Friday, 6 April 2018

Persyaratan pengadaan mesin incinerator

Artikel ini saya tulis hanya sebagai pelengkap artikel - artikel lainnya , tujuannya hanya sebagai tambahan informasi untuk kawan - kawan yang ingin membeli / pengadaan sebuah mesin incinerator maka beberapa hal berikut ini harus menjadi bahan pertimbangan :

Api mesin incinerator
Mesin incinerator 



  • Pengadaan bangunan TPS (Tempat Penyimpanan Sementara) sampah medis dan abu incinerator, jadi di samping bagunan incinerator juga harus disiapkan bangunan/ tempat penyimpanan barang / limbah medis yang akan dihancurkan , atau abu hasil pembakaran dari mesin incinerator .

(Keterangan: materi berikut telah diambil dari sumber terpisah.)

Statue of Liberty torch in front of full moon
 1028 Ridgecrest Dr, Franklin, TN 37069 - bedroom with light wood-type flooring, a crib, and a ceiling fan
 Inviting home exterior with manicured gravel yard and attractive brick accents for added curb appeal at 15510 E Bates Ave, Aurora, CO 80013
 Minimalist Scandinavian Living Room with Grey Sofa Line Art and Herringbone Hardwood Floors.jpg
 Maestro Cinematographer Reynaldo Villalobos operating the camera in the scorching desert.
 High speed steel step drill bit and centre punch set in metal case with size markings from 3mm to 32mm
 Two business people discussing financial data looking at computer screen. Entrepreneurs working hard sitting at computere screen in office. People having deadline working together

  • Bangunan pelindung incinerator , Bangunan incinerator ini wajib hukumnya sebab untuk melindungi mesin incinerator dari panas dan hujan 
  • Mesin Incinerator harus memenuhi persyaratan teknis yakni mengacu pada Surat Menteri Lingkungan Hidup dan Kehutanan kepada Menteri Kesehatan No. 97 tahun 2015, PP No.101/2015 dan Peraturan Menteri Lingkungan Hidup dan Kehutanan No. 56 Tahun 2015 , Dalam peraturan tersebut memuat : adanya feeding sistem ( Sistem memasukkan limbah ) , wet scrubber , cerobong dengan tinggi lebih dari 14 meter, ruang bakar pertama operasional dengan suhu minimal 800 derajat celcius, ruang bakar kedua operasional dengan suhu minimal 1.000 derajat celcius, memiliki lubang pengambilan untuk uji emisi pada cerobong, memiliki fasilitas pendukung pengambilan sampel uji emisi (tangga) dan hasil uji emisi memenuhi Kep 03 Bapedal Tahun 1995 serta dilengkapi dengan digital data Recorder (fasilitas data rekam untuk melengkapi operasional incinerator)
  • Sebuah mesin Incinerator harus lolos uji Emisi Incinerator oleh laboratorium terakreditasi (rekomendasi KLH : Lab. Sucofindo, Lab. BTKL, Core Lab, Uni Lab) untuk 3 (tiga) kondisi, 14 parameter sesuai dengan Kep 03/Bapedal/9/1995
  • Mesin incinerator harus memiliki izin pengoperasian incinerator dari Kementerian Negara Lingkungan Hidup (KLH).
  • Harus memiliki izin Tempat Penyimpanan Sementara limbah dari Kementrian Negara Lingkungan Hidup (KLH).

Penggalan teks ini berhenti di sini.